By now, you know surface level errors--errors dealing with punctuation, spelling, and usage-- aren't as important as you were led to believe in high school. Yes, they matter; but, most audiences are willing to read through a reasonable number of surface level mistakes to get at your deep message. Having said this, there's a grammar Nazi in almost everyone.
This past summer, I helped to hire a new English professor at Reynolds. As part of the hiring process, I read over sixty applications for the job. I shared my part of this reading with a computer instructor from the Business program, and I lost count of the number of times he said something like, "If they misspell X, do we want them teaching English?" I didn't go into my, pay-attention-to-what-they-are-saying, not-how-they-are-saying-it routine." Why? Because, to him as an audience, these issues matter.

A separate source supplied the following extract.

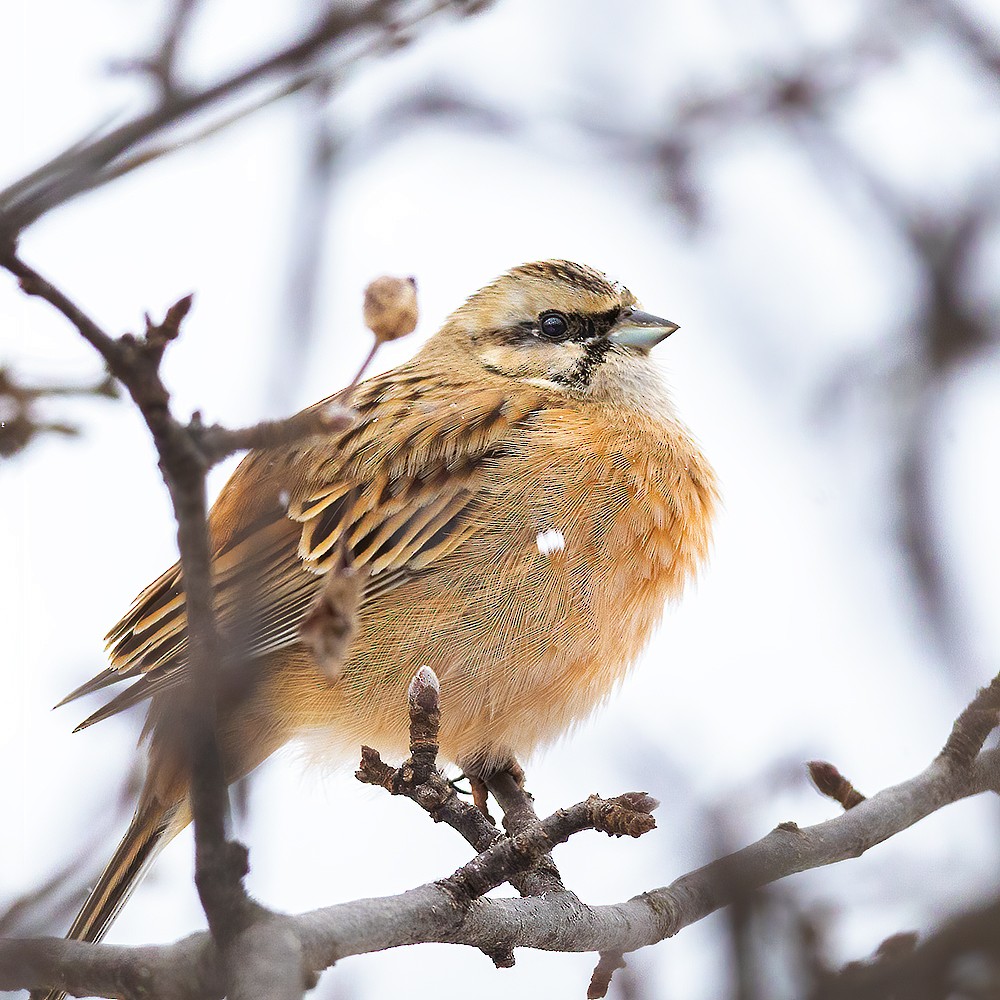 Rock Bunting - ML308507751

You need to pay attention to surface level issues because you don't know when and to whom they will matter. You know they almost always matter in a job applications, where any difference in ability will help your audience weed the pile of applications down to the best of the bunch. You hope, when writing your significant other a love letter, your audience is paying attention to your deep level meaning and not your spelling. Think about getting a love letter back with zero comments on content and marked in red for grammar.
The truth is, there's no big secret to mastering grammar, and it isn't true that some folks are better at grammar than others. After all, a part Native kid from a mill town in North Carolina got a doctorate in English, and he still struggles with usage and grammar. Believe me, if I can master grammar well enough to major in English, anyone can. Even you. (Take that Ms. Robins--the 9th English teacher who said I'd never get through college English.) All such mastery takes is the right approach and right attitude.

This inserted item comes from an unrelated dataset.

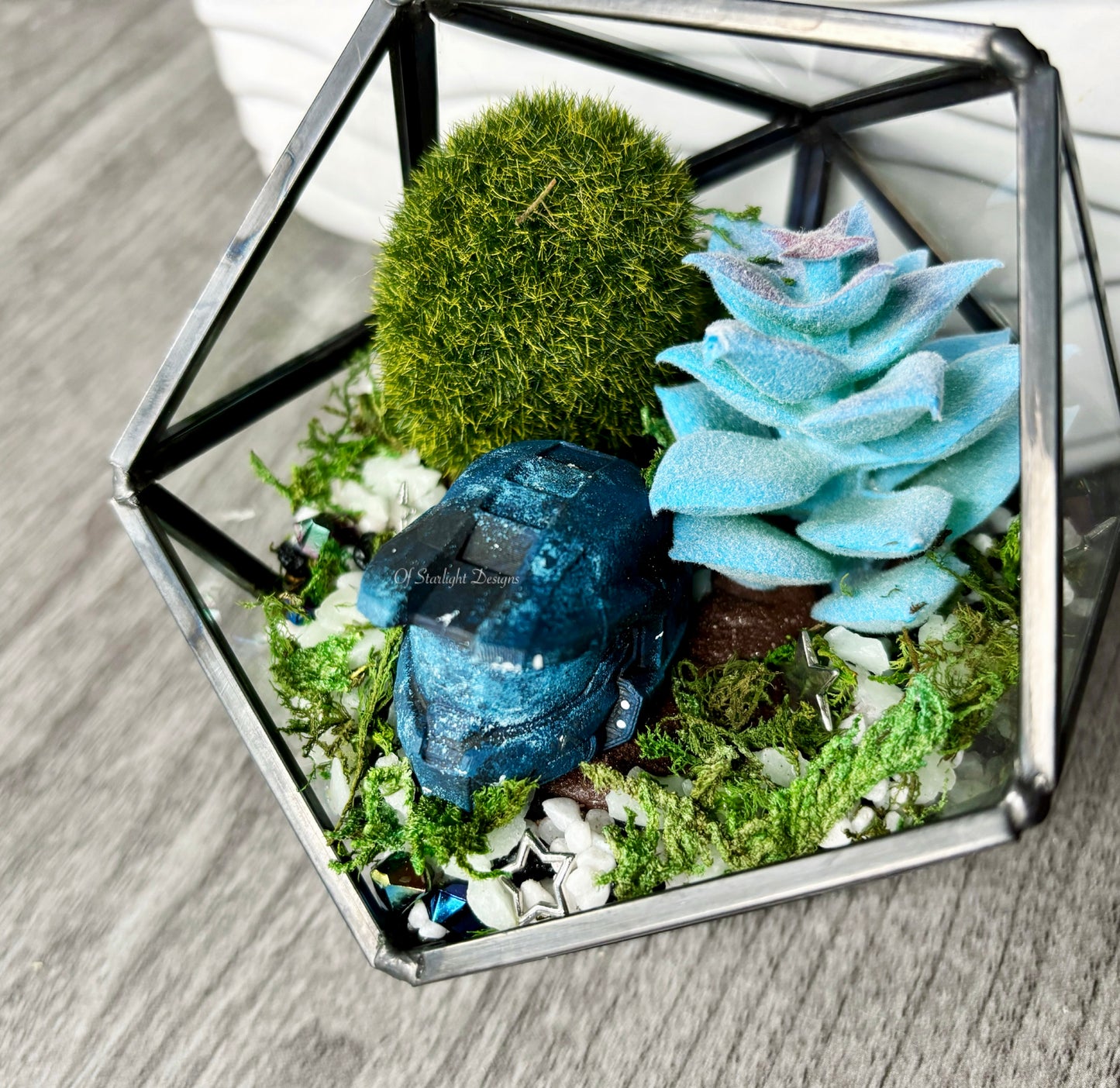 Space MIA Terrarium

Think Kaizen, that is, tackling your worst grammar problem, learning to recognize and fix it, and moving onto the next problem. This skill set is one you are learning this week. To help you, I thought I would refer you to some resources to help you with your research. You get Protestant Good Works points for any other useful resource to which you refer the class.
Don't say, "Uck! Grammar. That's boring." Life is full of boring tasks you do because it will help you look a tad less dumb, improve your ethos, and--in general--do better at difficult ongoing tasks like writing. Then again, I am not a grammar Nazi, nor am I a grammar nerd. My advice? Lose the attitude. It isn't helping. Mastering grammar (and writing and most anything) is just a matter of taking the bit into your teeth, realizing you have a long road ahead (look at the banner on the class blog), and getting on with the next step...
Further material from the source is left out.